Juan Roldán

Personal information
- Full name: Juan Ricardo Roldán Trujillo
- Date of birth: 31 March 1986 (age 39)
- Place of birth: Lagos de Moreno, Jalisco, Mexico
- Height: 1.80 m (5 ft 11 in)
- Position(s): Goalkeeper

Team information
- Current team: Celaya
- Number: 28

Senior career*
- Years: Team / Apps / (Gls)
- 2008–2009: Petroleros Salamanca / 13 / (0)
- 2009–2010: CF La Piedad / 10 / (0)
- 2010–2011: Club León / 0 / (0)
- 2011–2014: Club Celaya / 0 / (0)
- 2014–2016: Club Atlético Zacatepec (on loan) / 50 / (0)
- 2016–: Celaya F.C. / 70 / (0)

= Juan Roldán (footballer) =

Mexican footballer (born 1986)

Juan Ricardo Roldán Trujillo (born 31 March 1986) is a Mexican football goalkeeper.
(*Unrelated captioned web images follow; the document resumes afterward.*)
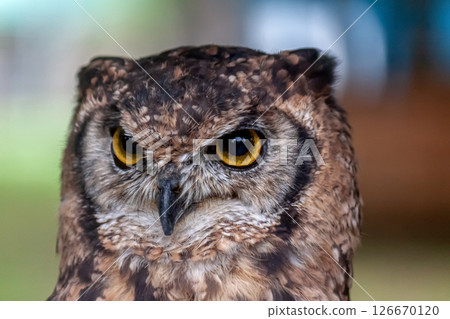 非洲雕鴞的目光,有著明亮的黃色虹膜 非洲雕鴞的目光,有著明亮的黃色虹膜 126670120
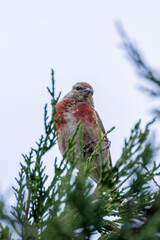 Male Linnet (Linaria cannabina), seen in open habitats like Turvey Nature Reserve, Dublin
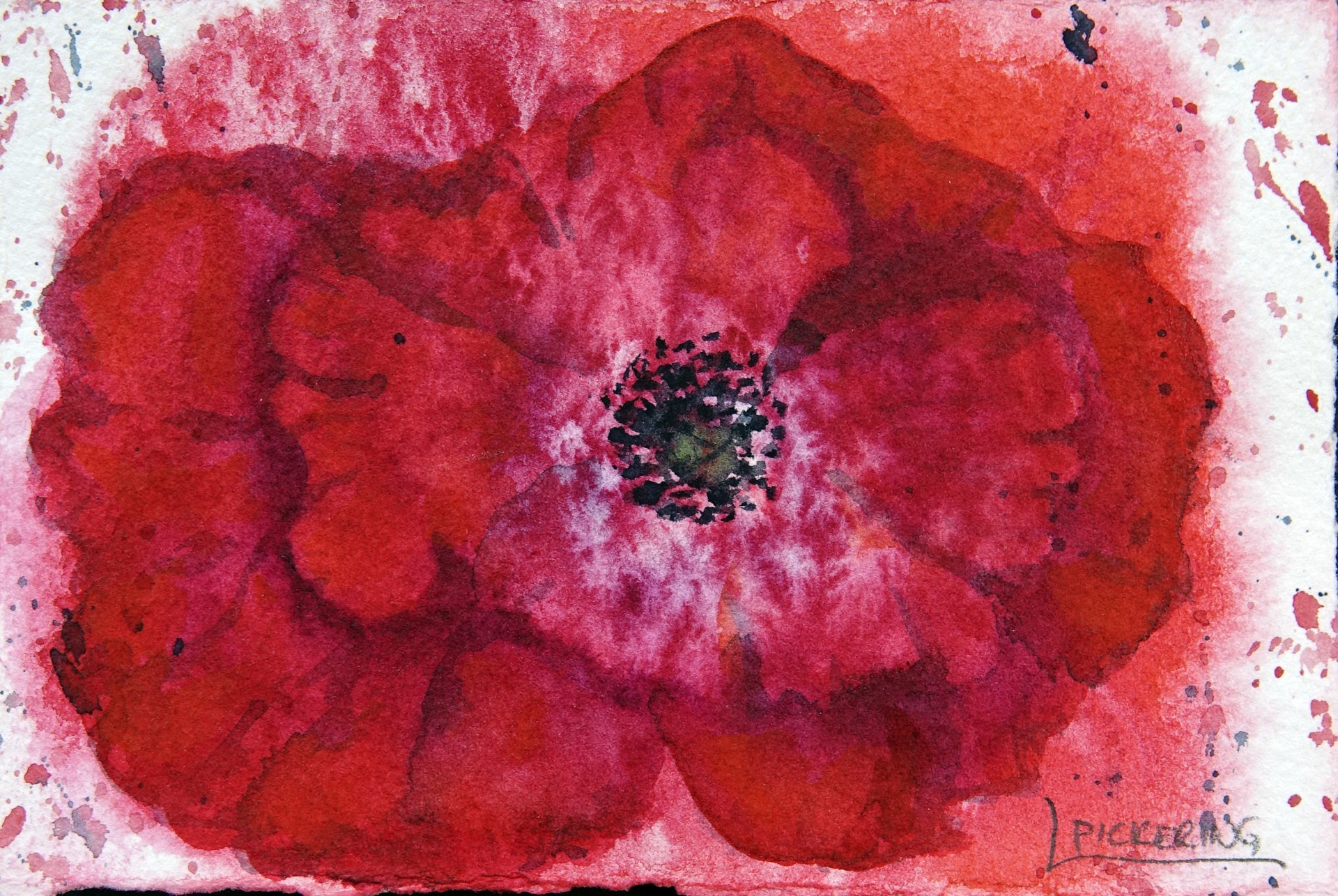 Red Poppy XXV by Laura Pickering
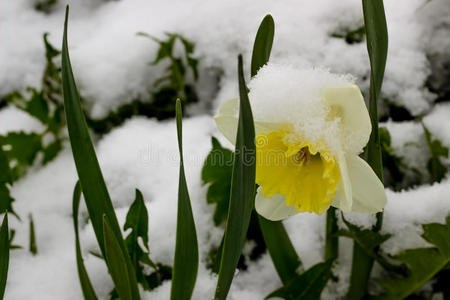 雪地里的水仙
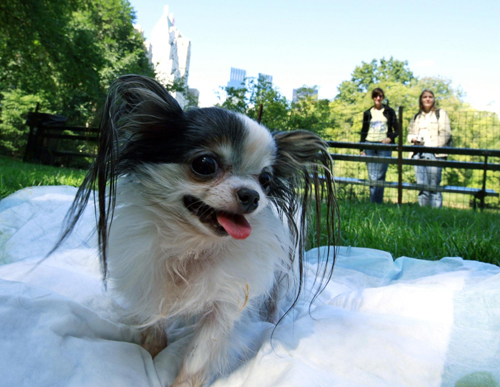 Guinness World Record&apos;s Smallest Living Dog, Boo Boo, poses during a photo call in New York Sept 15, 2010. [China Daily/Agencies]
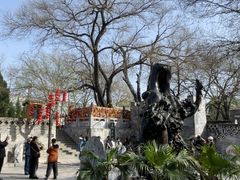 -大槐树寻根祭祖园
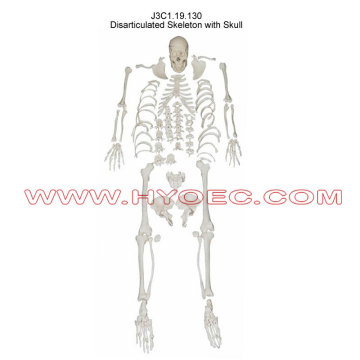 Disarticulated Skeleton with Skull-J3C1.19.130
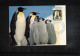 Australian Antarctic Territory 1992 Antarctica - Base Davis - Ship Aurora Australis + Icebird - Penguins - Onderzoeksstations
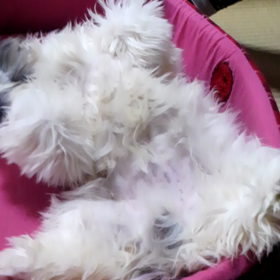 寝起きダッシュの画像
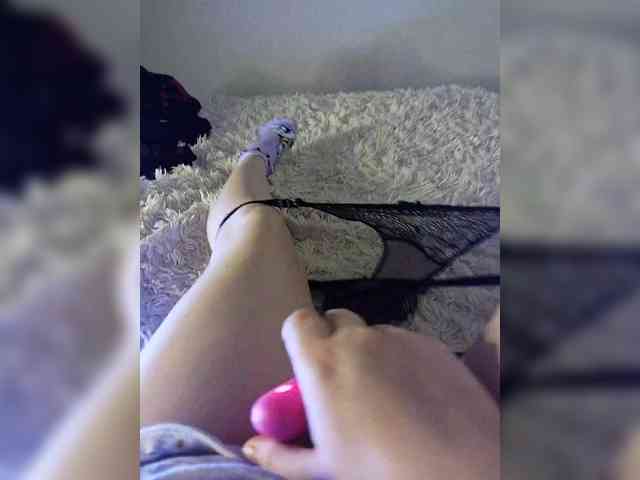 Piff_Pawlady webcam
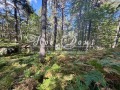 Продава  Парцел област Пловдив , хижа Здравец , 1543 кв.м | 65481981 - изображение [3]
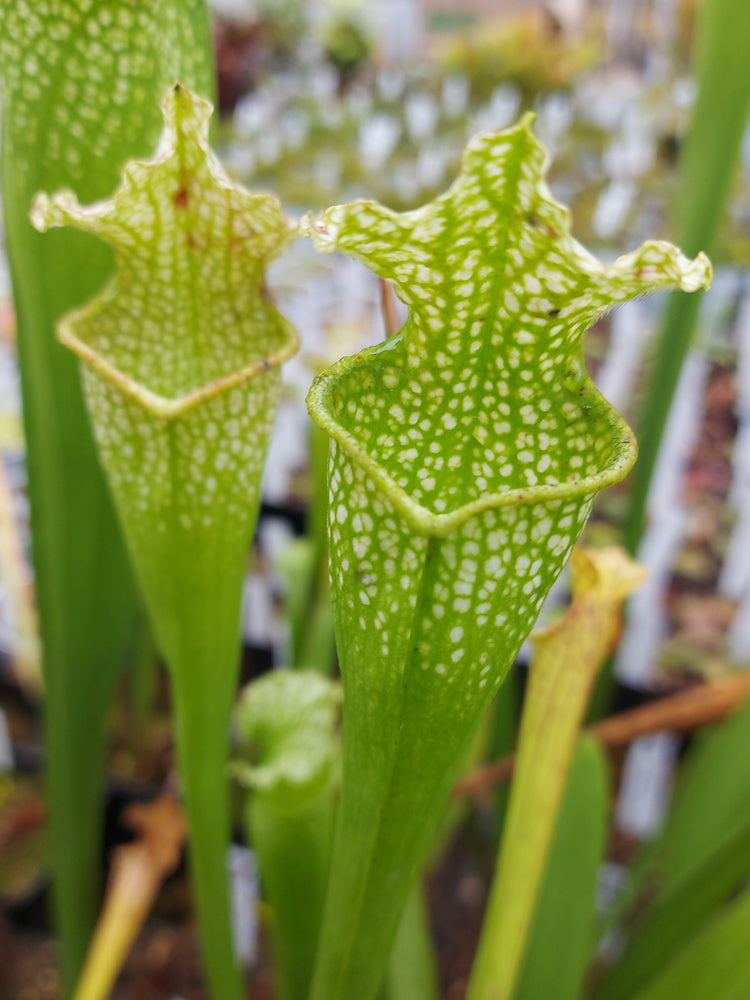 Sarracenia x moorei "Green Lime"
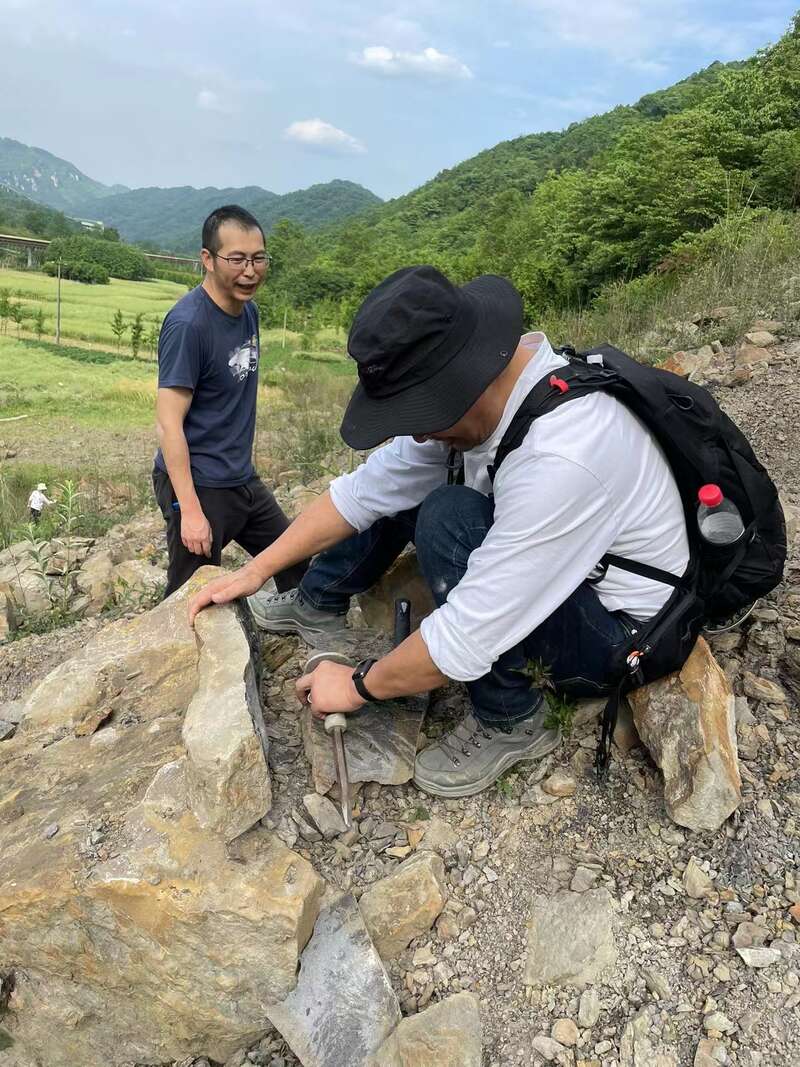 �Ĵ�����������ͳ��Һ��鷢������2����ǰ�������Ӿ�ż�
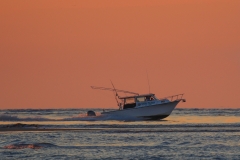 Angry Pelican cover shot (1)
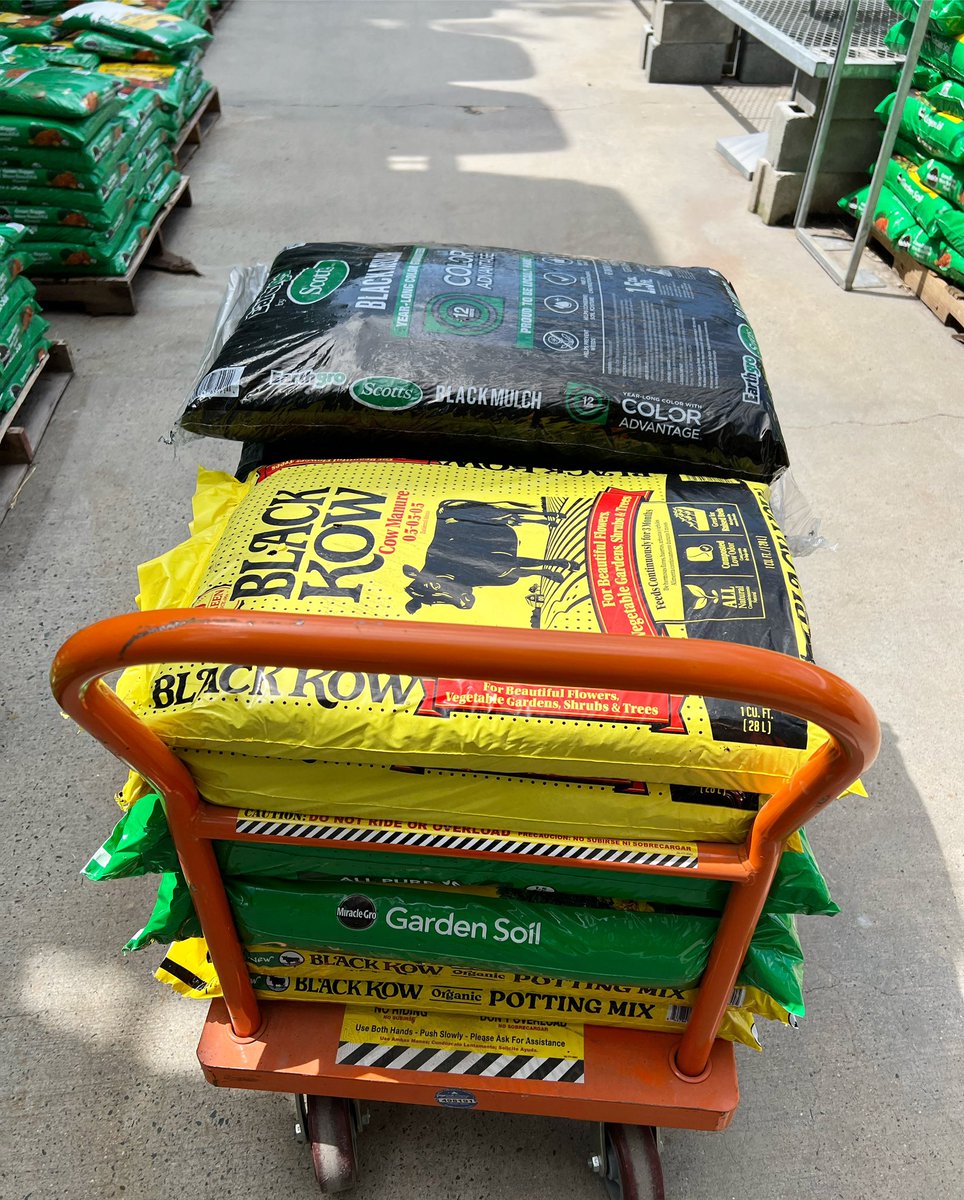 TomoJustFunky's tweet photo. My today’s office @homedepot 💪🪴
#homedepot #garden #gardensoil #blackcow #blackkow #pottingmix #miraclegro #blackmulch https://t.co/9imhHretCl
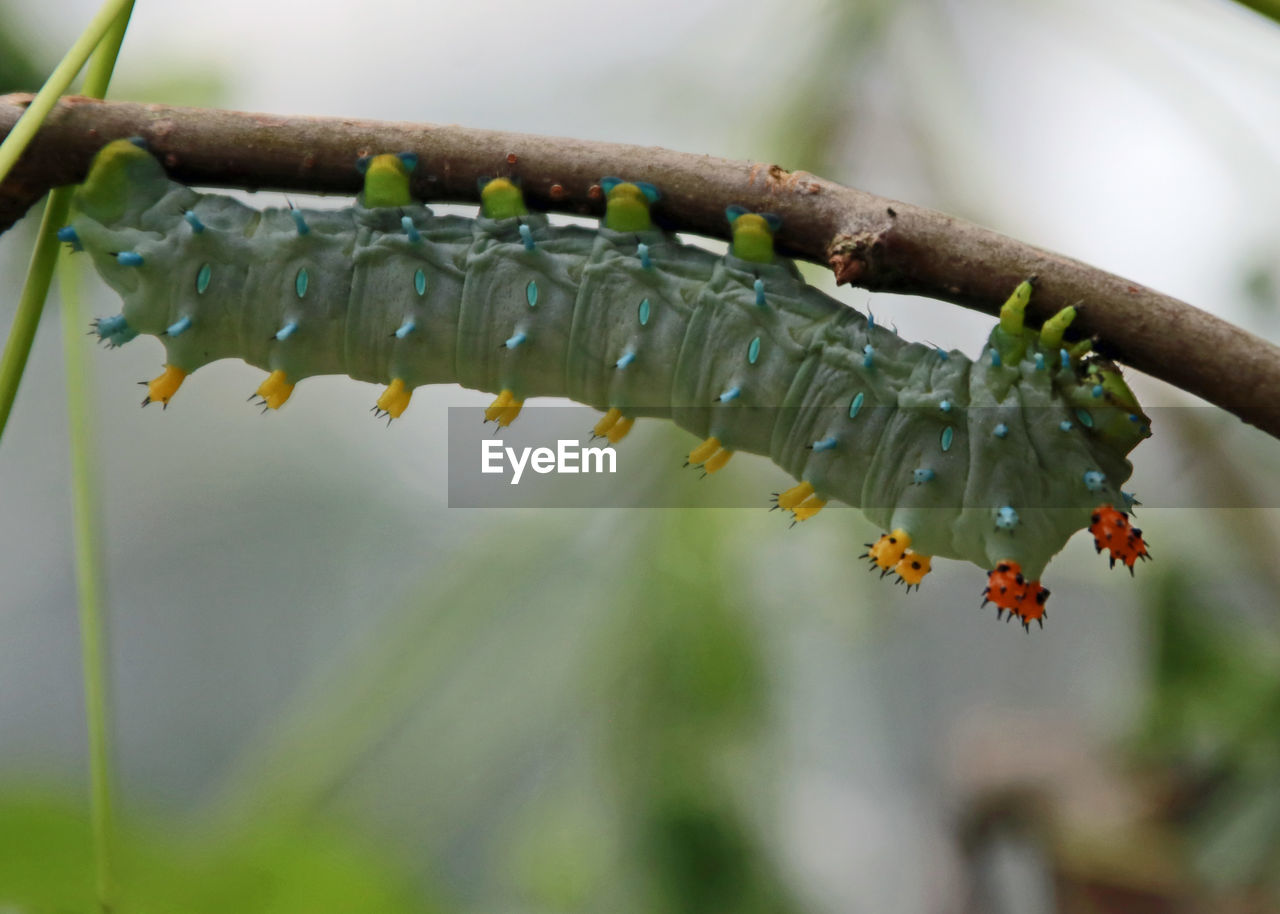 Close-up of caterpillar crawling on branch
He currently plays for Celaya.

==Career==
Roldán made his professional debut for Petroleros de Salamanca on August 16, 2008, in a match against Pegaso Real Colima, which the latter won (2-0).

For the Apertura 2009, when Salamanca was dissolved and relocated to La Piedad, Roldán left as well.

Roldán has managed to secure his position as the starting goalkeeper for the Reboceros.